Thanks to a comment from William and Margaret Memmer we now have the date on this Lark train wreck and can tell the whole story. The story ran under a five deck headline in the Daily Telegram with a boxed graphic naming the killed and injured. The story reads:
Fireman F. A. Melville of San Francisco was killed and eight people more or less seriously injured this morning when the first section of The Lark (no. 76), northbound, went into the ditch between this city and Santa Margarita.
No passengers were injured, though those in the front Pullmans were considerably shaken up.
The accident occurred at 3:45 this morning.
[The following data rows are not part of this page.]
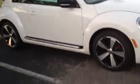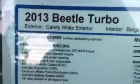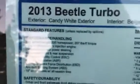I thought I would do a walk around on the 2013 Volkswagen Beetle Turbo. As you can see, it is a 2013 with a candy white exterior. I would have done a gray one but the white one was most out in the open so I could video more of it. It has a beige interior.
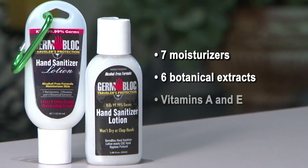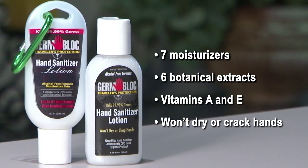And with seven moisturizers, six botanical extracts, and two vitamins, our hand sanitizer lotion not only protects, but will keep your hands looking and feeling great.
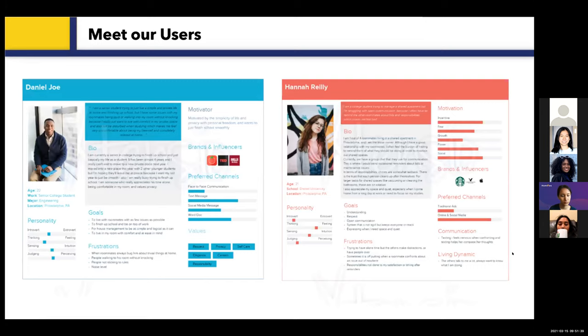Based on the user interviews, we developed two user personas that captured aspects of our target users: Daniel Joe and Hannah Riley, both college students. Daniel wants to live peacefully with his roommates and stay focused on his studies — he wants home management of chores to be effortless and conflicts to be minimal. As for Hannah, she typically takes on most of the household responsibilities and feels like she is pulling most of the weight, and feels bad when she has to repeatedly remind her roommates of different tasks.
The train is due to leave here at 2:58 a.m. but was a trifle late.
The cause of the accident is given by railroad officials as a spreading rail.
The location was a mile and a half toward Santa Margarita from the crest of Cuesta grade.
An emergency train was immediately sent from here, and the injured were brought to the San Luis Sanitarium with the exception of three tramps who were taken to the County Hospital.
Company officials from here were early on the scene and division officals, headed by Supt. T. Ahern, rushed to the scene.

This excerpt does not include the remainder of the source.